Sen. Marco Rubio of Florida Tells Haiti, Other Nations to Defend Democracy In Vote on Venezuela Sanctions

Sen. Marco Rubio sent a strong warning to the Dominican Republic, El Salvador and Haiti on Monday, saying that it would be difficult to protect them from possible cuts in U.S. aid if they fail to defend democracy when the Venezuelan government comes up for a possible sanctions vote at the Organization of American States (OAS).

The Florida Republican, one of the harshest critics of the Venezuelan government in Washington, told El Nuevo Herald that the OAS vote set for Tuesday is exceptionally important for the future of democracy in the region, and of the hemispheric organization itself.

The vote would even affect the assistance that Washington provides to El Salvador, the Dominican Republic and Haiti, he added.

“This is not a threat, but it is the reality,” said Rubio, one of the architects of U.S. laws that already sanction Venezuela’s chavista government because of the corruption and human rights violations in the oil-producing country.

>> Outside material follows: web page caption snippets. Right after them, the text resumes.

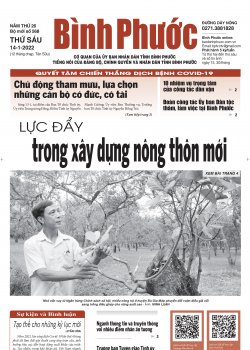 Báo in số 568 Thứ Sáu 14-1-2022 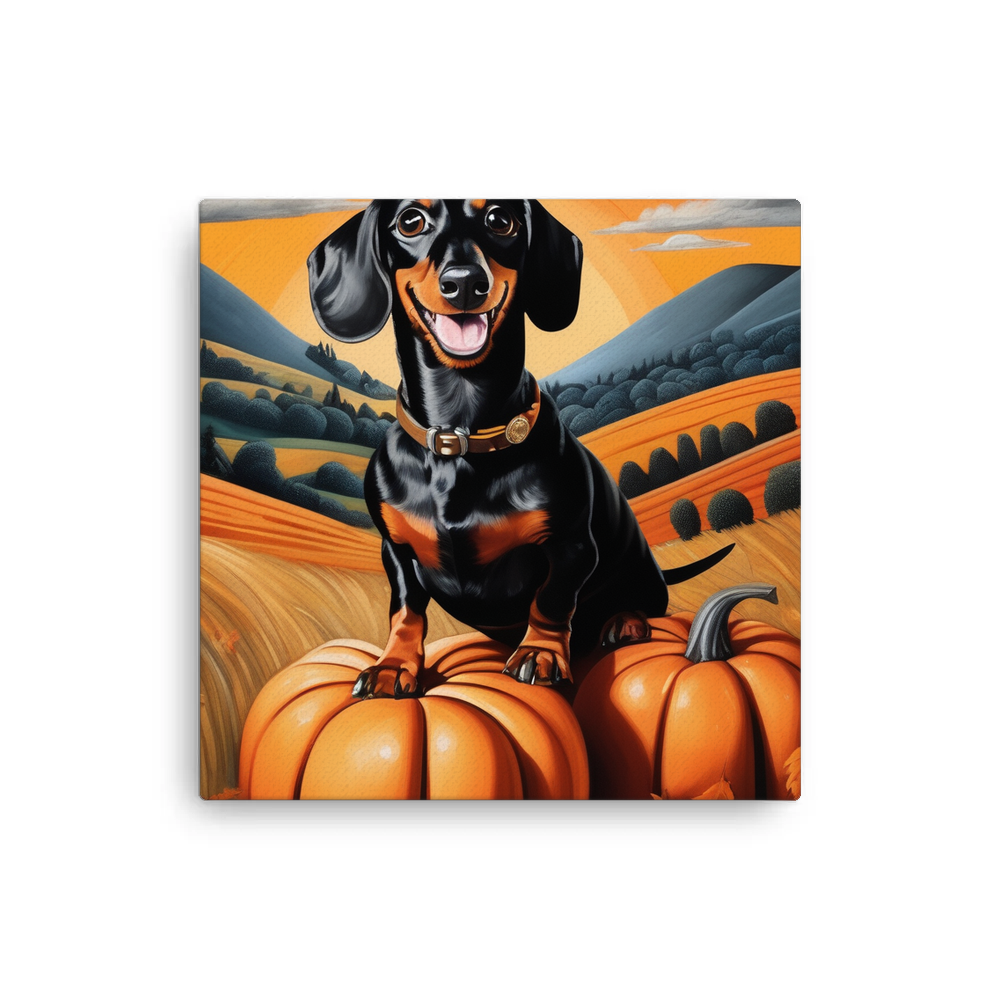 PugMug Custom Black Dachshund Canvas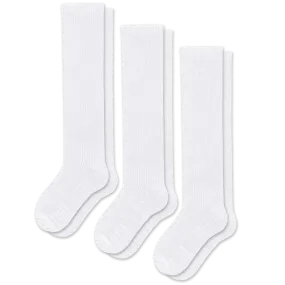 White Compression Socks Bundle 3-Pack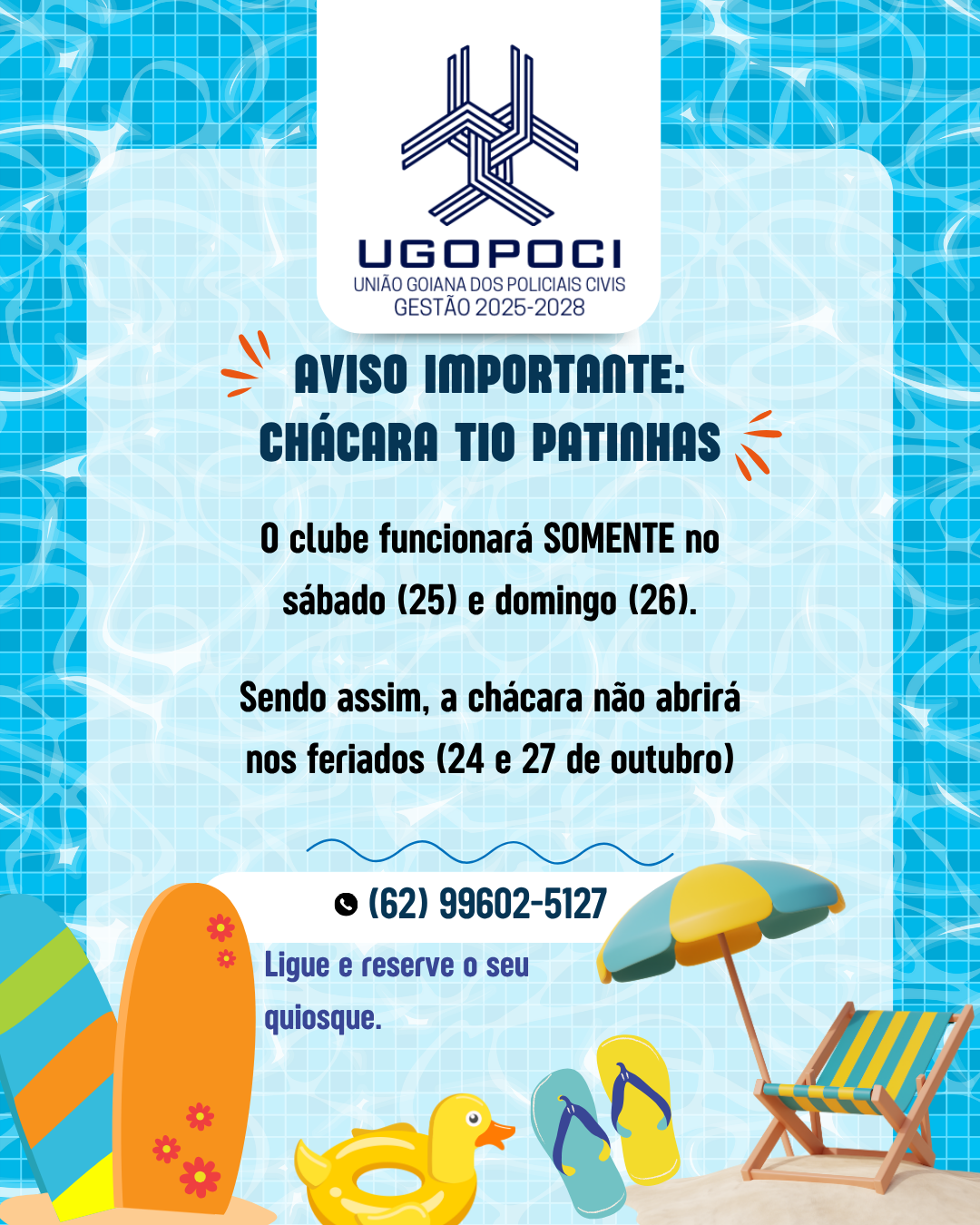 AVISO: Chácara Tio Patinhas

“We have a very difficult situation in Washington, where massive cuts in foreign aid are under consideration,” the senator said. “And it will be very difficult for us to justify assistance to those countries if they, at the end of the day, are countries that do not cooperate in the defense of democracy in the region.”

Rubio said he was surprised that some countries in the region had not yet decided how to vote this week at the OAS, despite a hard-hitting report by Secretary General Luis Almagro that details how the regime of President Nicolas Maduro has become a dictatorship, led by drug traffickers, that regularly breaks all sections of the organization’s Inter-American Democratic Charter.

He was especially surprised by the indecision in El Salvador, Dominican Republic and Haiti, all countries that Rubio said “have suffered a lot in terms of humanitarian issues and have themselves suffered the consequences of the lack of democracy.”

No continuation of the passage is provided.